Posting Date: October 19, 2009
Students observe rare martial arts demonstration at Kennesaw State
By Scott Singleton
Photos by Scott Singleton
Four internationally renowned martial arts experts performed on campus in a demonstration of a unique art from Kerala, South India known as "kalarippayattu." In a workshop that included both lecture and performance, Gurukkal Sathyan, Rajan Nair, Raam Ravikumar and Balakrishnan Hari demonstrated their practiced art of kalarippayattu and allowed students to experience impressive martial arts along with the values and traditions of South Indian culture.
The artists have an impressive amount of experience in international performance with multiple visits to Russia, China, Japan, Italy and France. This was their first visit to the United States, and they also performed in N. Y. and Calif. Sandra Saldanha, instructor of theatre and performance studies, trained with two of the artists years ago and heard of their visit to the United States. With the help and enthusiasm of Ivan Pulinkala, director of the KSU Dance Program, and Karen Robinson, associate professor in theatre and performance studies, Saldanha arranged for the artists to visit KSU.
Kalarippayattu is an art that combines both meaning and tradition with every movement. According to Saldanha, “The deep serpentine movements of kalarippayattu are reflected in many traditional art forms of the region. The form is composed of postures taken from the movements of animals, kicks, jumps, and leaps performed in sequences.” Despite the constant movement, one of the goals of kalarippayattu remains a unique quality of stillness that allows the “whole body to become an eye.”
During the demonstration, students observed the ease and grace with which the artists handled the weapons, and several students noted the way the weapons functioned as an extension of their bodies. One of the primary reasons for this observation remains the way the artists kept their eyes deeply locked on each other during the weapons work.
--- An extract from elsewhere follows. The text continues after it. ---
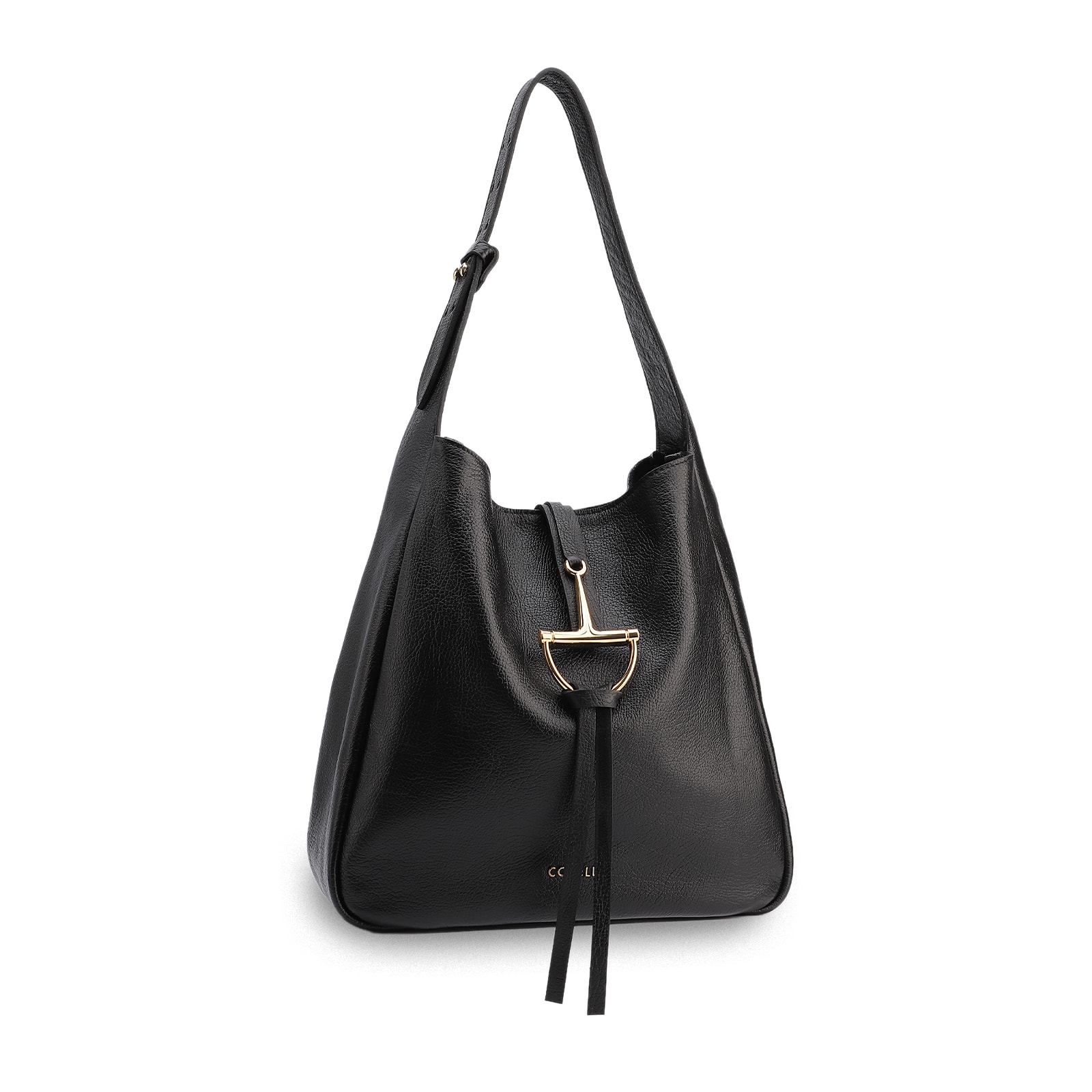 Bolsa Hobo Couro Antique Preto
Never moving their gaze to the weapons being used, the artist’s attention always remained on the other as they expertly wielded their weapons. On this, Lauren Winecoff, theatre and performance studies major, noted that the “artists' control of their bodies with weapons was remarkable.”
Sean Haley and Andrew Puckett, both theatre and performance studies majors, also commented on the unique blend of combat and tradition. Sean described the demonstration as “terrifyingly beautiful” and noted that it was “a chance to witness something you will not get to witness anywhere else, unless you go to India.” Andrew, along with many other students, enjoyed the process of watching the “dichotomy of the master and student” as the master continued to refine the movements of the student during the demonstration.
Focusing on the other aspect of the demonstration, Samantha Bonilla, theatre and performance studies major, says, “Most would say their favorite part was watching the combat, but for me it was not only the discussion, which enriched your look on the Indian culture, but also the steps which lead to the art itself.”